Leave the pictures out, and transcribe the material below exactly from the line with "Berkeley refused because" to the line with "The variable l_cnn_raw", both lines included.

■ Extracted records:

==*==

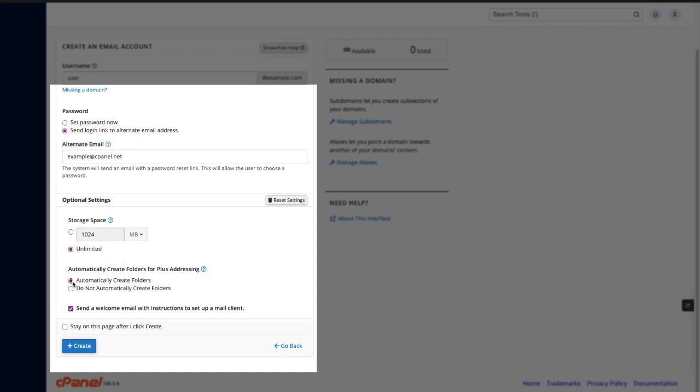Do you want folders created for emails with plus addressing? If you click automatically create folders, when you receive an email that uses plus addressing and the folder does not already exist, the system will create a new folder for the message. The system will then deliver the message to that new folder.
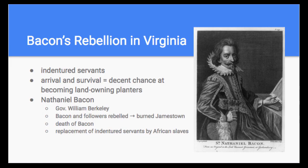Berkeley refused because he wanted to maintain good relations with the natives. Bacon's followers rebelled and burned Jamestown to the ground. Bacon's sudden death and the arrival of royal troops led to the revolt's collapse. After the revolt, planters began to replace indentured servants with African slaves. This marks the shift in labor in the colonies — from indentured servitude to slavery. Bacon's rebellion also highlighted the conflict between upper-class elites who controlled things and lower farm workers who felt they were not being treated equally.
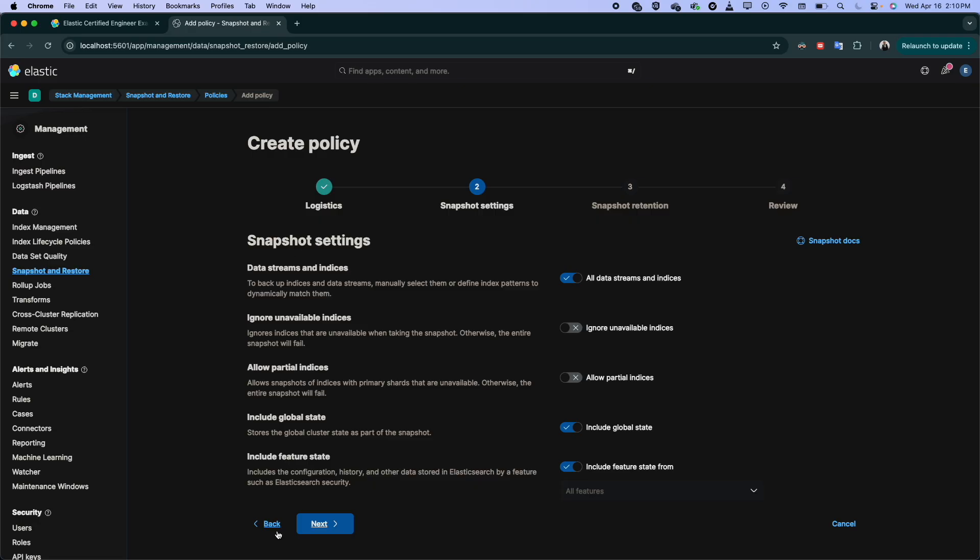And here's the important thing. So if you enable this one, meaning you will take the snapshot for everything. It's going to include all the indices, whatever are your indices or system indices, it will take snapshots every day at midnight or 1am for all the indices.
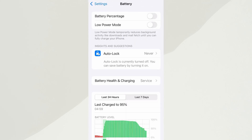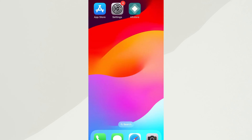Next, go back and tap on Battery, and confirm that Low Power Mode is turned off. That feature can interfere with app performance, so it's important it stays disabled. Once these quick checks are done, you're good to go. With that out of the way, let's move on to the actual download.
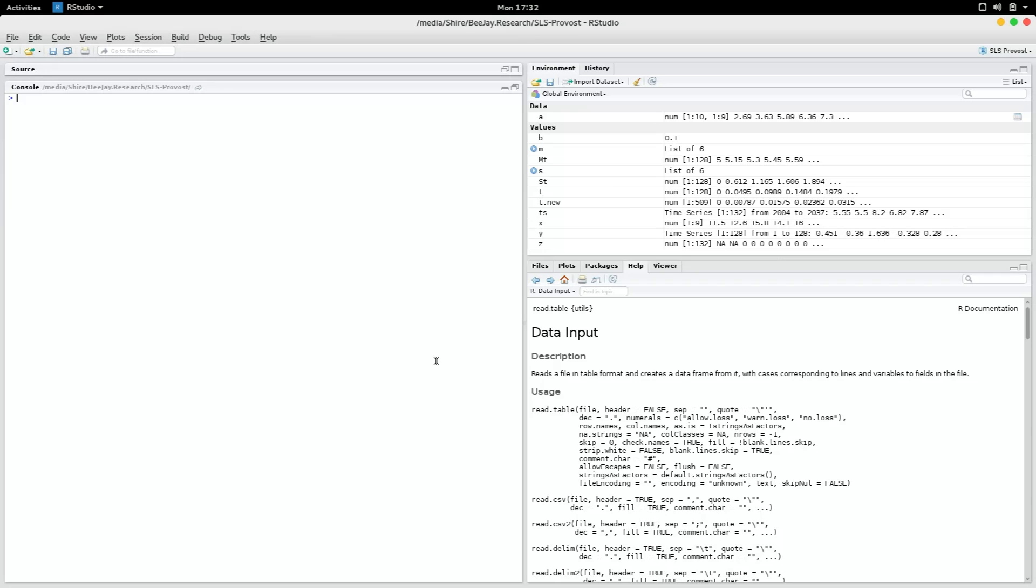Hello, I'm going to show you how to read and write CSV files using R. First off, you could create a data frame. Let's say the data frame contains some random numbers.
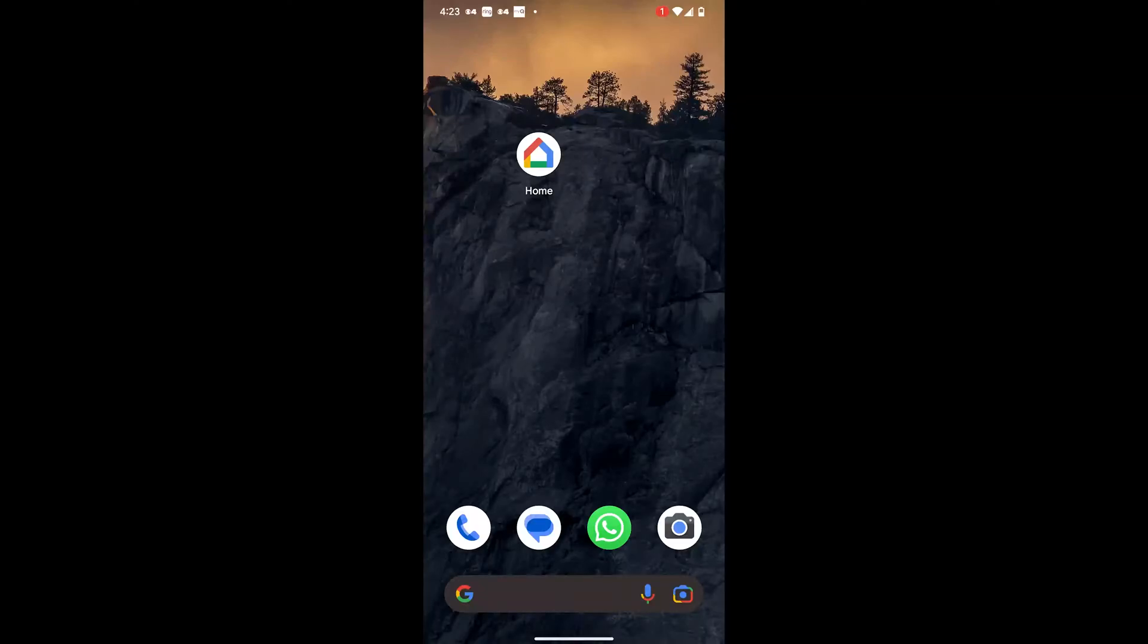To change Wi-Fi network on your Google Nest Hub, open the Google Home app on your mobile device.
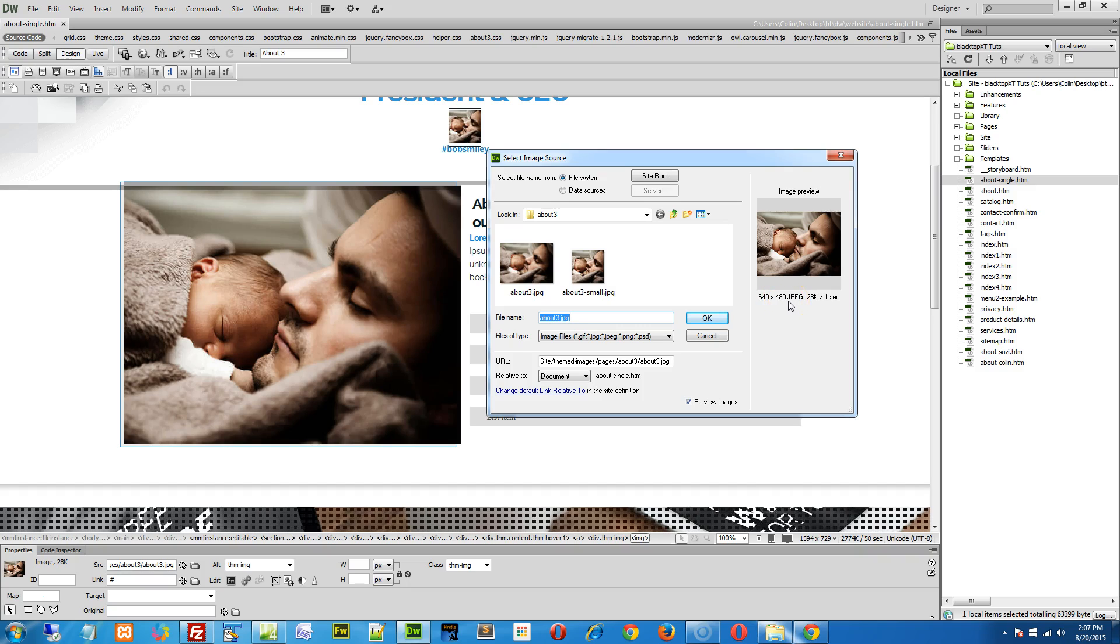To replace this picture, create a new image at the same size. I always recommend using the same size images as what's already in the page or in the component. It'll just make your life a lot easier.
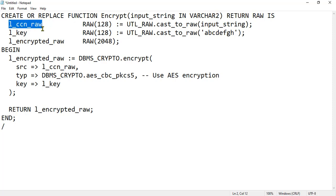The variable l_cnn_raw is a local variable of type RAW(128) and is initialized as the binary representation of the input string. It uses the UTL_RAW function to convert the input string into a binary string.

==*==

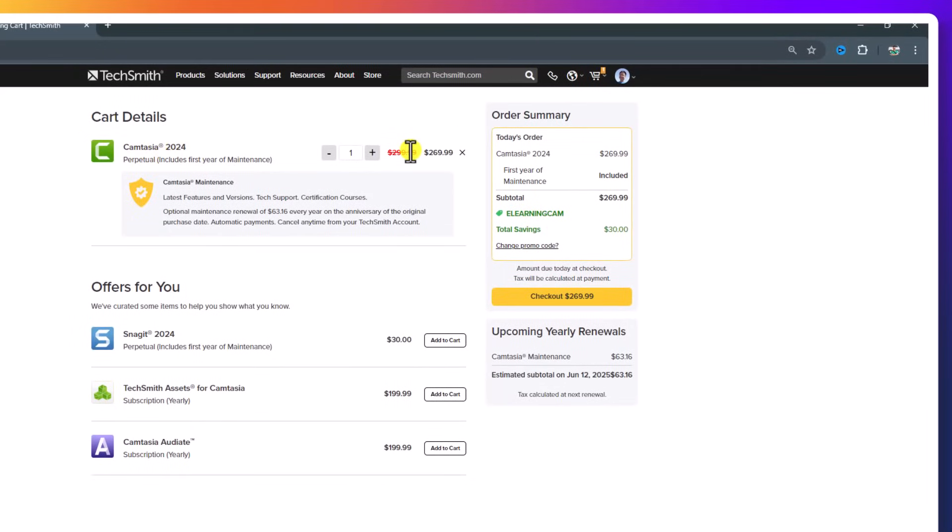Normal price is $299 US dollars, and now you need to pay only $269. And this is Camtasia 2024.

==*==

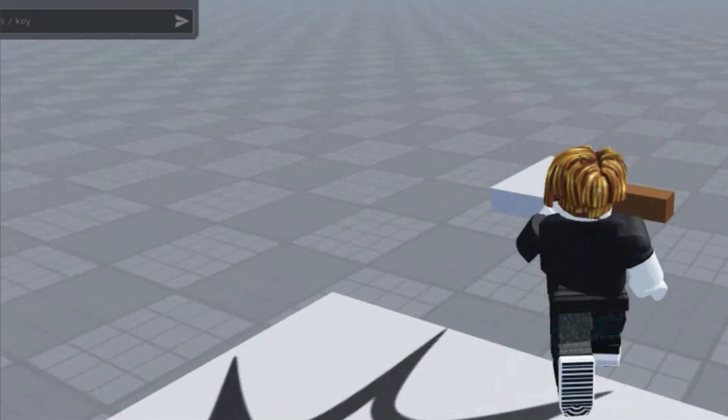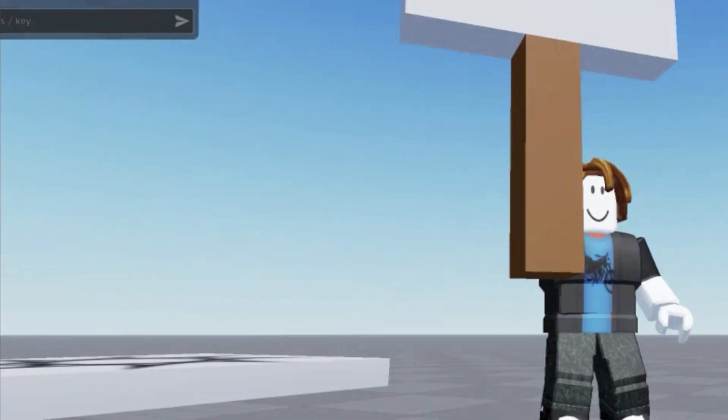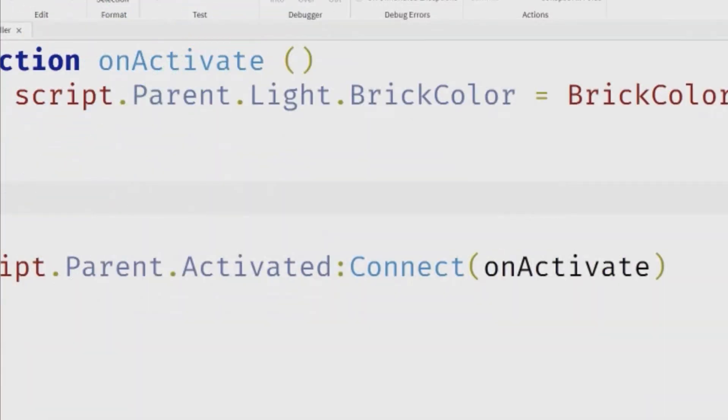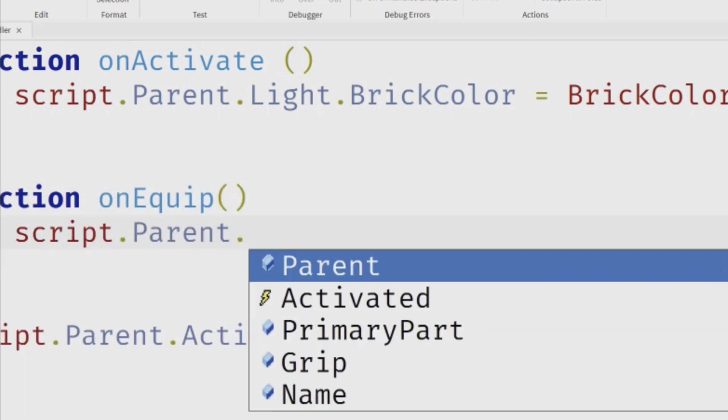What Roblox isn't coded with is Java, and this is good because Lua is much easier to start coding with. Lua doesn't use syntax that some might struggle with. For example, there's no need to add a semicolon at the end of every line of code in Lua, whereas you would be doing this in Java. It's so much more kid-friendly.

==*==

■ Output for this exercise:
Berkeley refused because he wanted to maintain good relations with the natives. Bacon's followers rebelled and burned Jamestown to the ground. Bacon's sudden death and the arrival of royal troops led to the revolt's collapse. After the revolt, planters began to replace indentured servants with African slaves. This marks the shift in labor in the colonies — from indentured servitude to slavery. Bacon's rebellion also highlighted the conflict between upper-class elites who controlled things and lower farm workers who felt they were not being treated equally.
And here's the important thing. So if you enable this one, meaning you will take the snapshot for everything. It's going to include all the indices, whatever are your indices or system indices, it will take snapshots every day at midnight or 1am for all the indices.
Next, go back and tap on Battery, and confirm that Low Power Mode is turned off. That feature can interfere with app performance, so it's important it stays disabled. Once these quick checks are done, you're good to go. With that out of the way, let's move on to the actual download.
Hello, I'm going to show you how to read and write CSV files using R. First off, you could create a data frame. Let's say the data frame contains some random numbers.
To change Wi-Fi network on your Google Nest Hub, open the Google Home app on your mobile device.
To replace this picture, create a new image at the same size. I always recommend using the same size images as what's already in the page or in the component. It'll just make your life a lot easier.
The variable l_cnn_raw is a local variable of type RAW(128) and is initialized as the binary representation of the input string. It uses the UTL_RAW function to convert the input string into a binary string.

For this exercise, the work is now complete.